Factors such as stress, fatigue or multi-pronged commitments contribute to weakening our resistance to prejudice, and it is not difficult to understand why. The weaker we are, the more we tend to adopt convenient shortcuts, which do not force us to formulate tiring logical and rational thoughts. The best technique is to implement a process of analyzing your thoughts and judgments about the people on our team. Create a set of questions and considerations to develop, which you will answer in writing. For example:

1. Am I able to list the characteristics ( non-professional or working ) that I certainly believe are true for each individual team member?

You must strive to identify those characteristics (whether positive or negative) that, no doubt, you think a person who meets your collaborators for the first time would also find. When a feature doesn't convince you, you skip it. Don't worry about what features you are looking at, go free. You can go from intelligence to culture, from sympathy to outward appearance. The important thing is that for you these are characteristics that would stand out in the eyes of anyone who knows that particular person for the first time. If you find that for one or more subjects you are unable to identify any striking characteristics, do not write anything.

2. Am I able to list the characteristics ( exclusively professional or work ) that I certainly believe are true for each single member of the team?

You must strive to identify those characteristics (whether positive or negative) that, no doubt, you think a person who meets your collaborators for the first time would also find. When a feature doesn't convince you, you skip it. Don't worry about what features you are looking at, go free. You can go from intelligence to culture, from sympathy to outward appearance.

The important thing is that for you these are characteristics that would stand out in the eyes of anyone who knows that particular person for the first time. If you find that for one or more subjects you are unable to identify any striking characteristics, do not write anything.

Rationalizing your prejudices

3. What episodes or anecdotes come to my mind to support the characteristics I listed in points 1. and 2.?

In a very concise way, list all the situations that have suggested or inspired that particular judgment and that have led you to attribute that particular characteristic. For each of your collaborators you will have the list of characteristics and the one of the situations that you remember and that justify them. Once again, keep in mind that the criterion to use is the same, that is, you must be sure that by describing that particular situation to a third person, this too would (certainly) draw the same conclusions as you. If you are not sure that a certain episode would elicit the same judgment in a third person, it means that you cannot use it.

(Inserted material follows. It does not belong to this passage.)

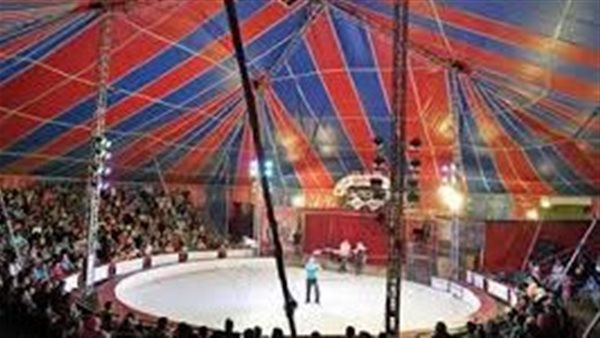 ماذا حدث في سيرك العجوزة؟.. صورة مع الأسد تنتهي بمأساة على وجه طفلة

4. If I were to leave the company where I work, who would I try to take with me? And why?

Some might think that this question is useless, as the positive or negative judgments expressed in the first and second list and supported by the third should naturally lead to choosing people with positive characteristics. This, however, is not true. Working well with someone means finding an understanding that does not necessarily coincide with a personal one.

As well as the opposite, I can find a person extremely interesting on a personal level, but inadequate on a professional level. The exercise should be conducted by asking yourself the following questions: If I took this particular person with me, am I sure I would look good in my new job? Am I sure it would help me achieve my goals?

5. In relation to my personal and work interests, which of my collaborators is most useful to me?

Be filthy and ruthless. List all the benefits you could derive from the people who work with you. Don't overlook anything, not even the politically incorrect. Remember that you must list work and personal benefits.

By the time you finish this exercise, you probably won't know anything more about your co-workers, but you will have a much clearer picture of your relationship with them. Rationalizing also means objectifying our (pre) judgments. Rationality is a valid tool because (it is supposed) universal, that is, equal for all.

When you try to find the complete definition of your inner state, one that can be read and understood by anyone, you are operating a process that, by definition, is neutral with respect to your feelings and opinions and those of the judge. Being psychological and emotional states, the operation is never perfect, however, it allows extraordinary improvements.

The exercise described above is the attempt to shift the set of prejudices that accompany you, as a leader, in your working life from fast thinking (intuition) to slow thinking (rationality). For a leader, using the cerebral cortex is not an option, it is the only option they have. Against all fashions, new age in force, I remain convinced that leadership and logic will be increasingly combined, without ever reaching the conclusion that leadership is the expression of an exclusively rational activity.